> [Material provided]:
::::::::

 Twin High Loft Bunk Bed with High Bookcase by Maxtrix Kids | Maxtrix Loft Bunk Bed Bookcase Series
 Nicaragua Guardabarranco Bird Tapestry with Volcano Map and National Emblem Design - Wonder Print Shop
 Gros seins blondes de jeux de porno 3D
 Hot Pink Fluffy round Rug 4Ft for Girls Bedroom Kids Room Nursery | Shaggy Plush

::::::::

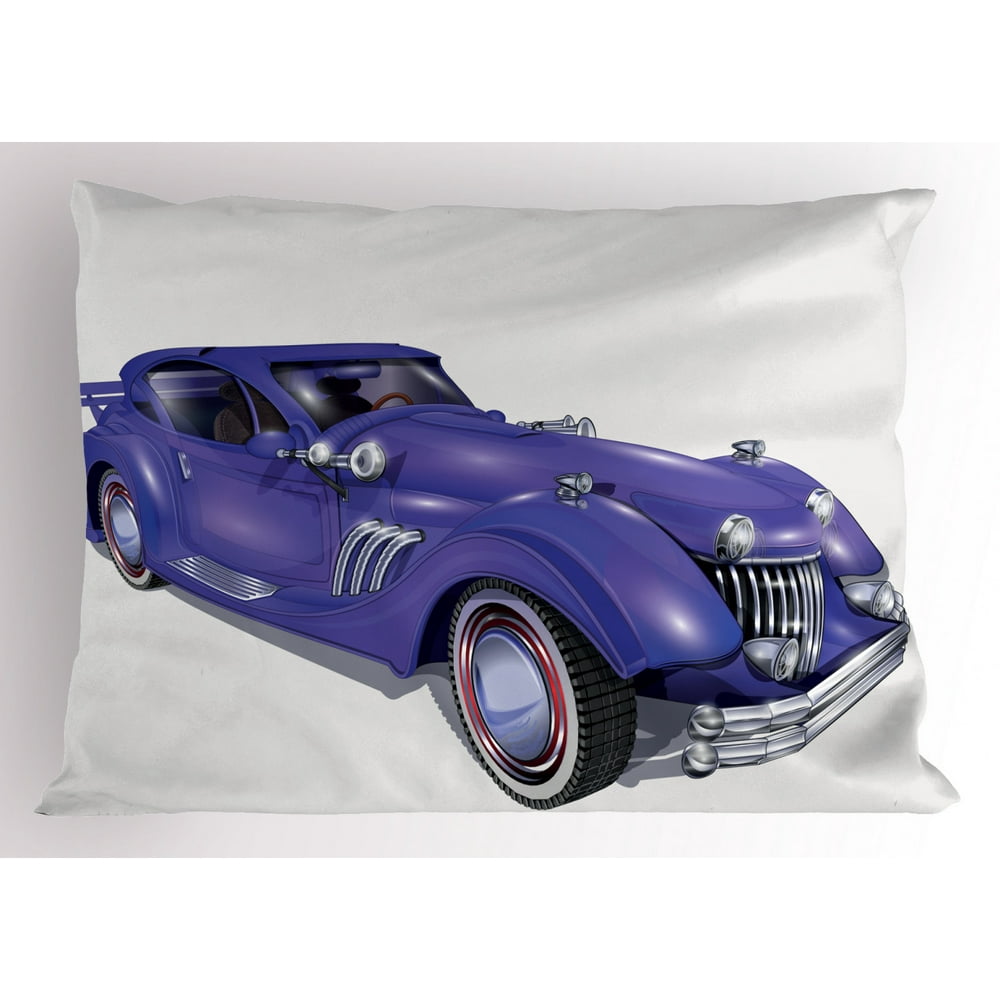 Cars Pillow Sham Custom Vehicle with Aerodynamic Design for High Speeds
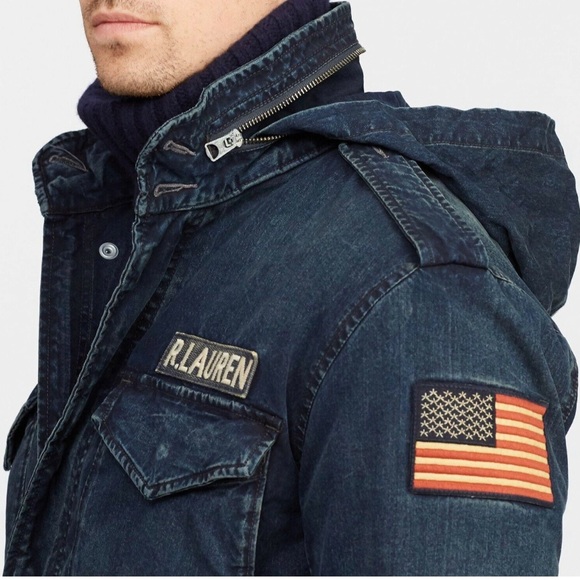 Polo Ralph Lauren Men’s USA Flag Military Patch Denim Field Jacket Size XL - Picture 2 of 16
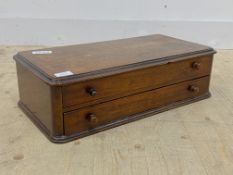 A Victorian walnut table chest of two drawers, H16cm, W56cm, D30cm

::::::::

> [Goal of the exercise]: Starting at the line that has "Twin High Loft" in the records above, restate word for word every line until the one that has "Hot Pink Fluffy", and include that one as well.

> [The answer]:
 Twin High Loft Bunk Bed with High Bookcase by Maxtrix Kids | Maxtrix Loft Bunk Bed Bookcase Series
 Nicaragua Guardabarranco Bird Tapestry with Volcano Map and National Emblem Design - Wonder Print Shop
 Gros seins blondes de jeux de porno 3D
 Hot Pink Fluffy round Rug 4Ft for Girls Bedroom Kids Room Nursery | Shaggy Plush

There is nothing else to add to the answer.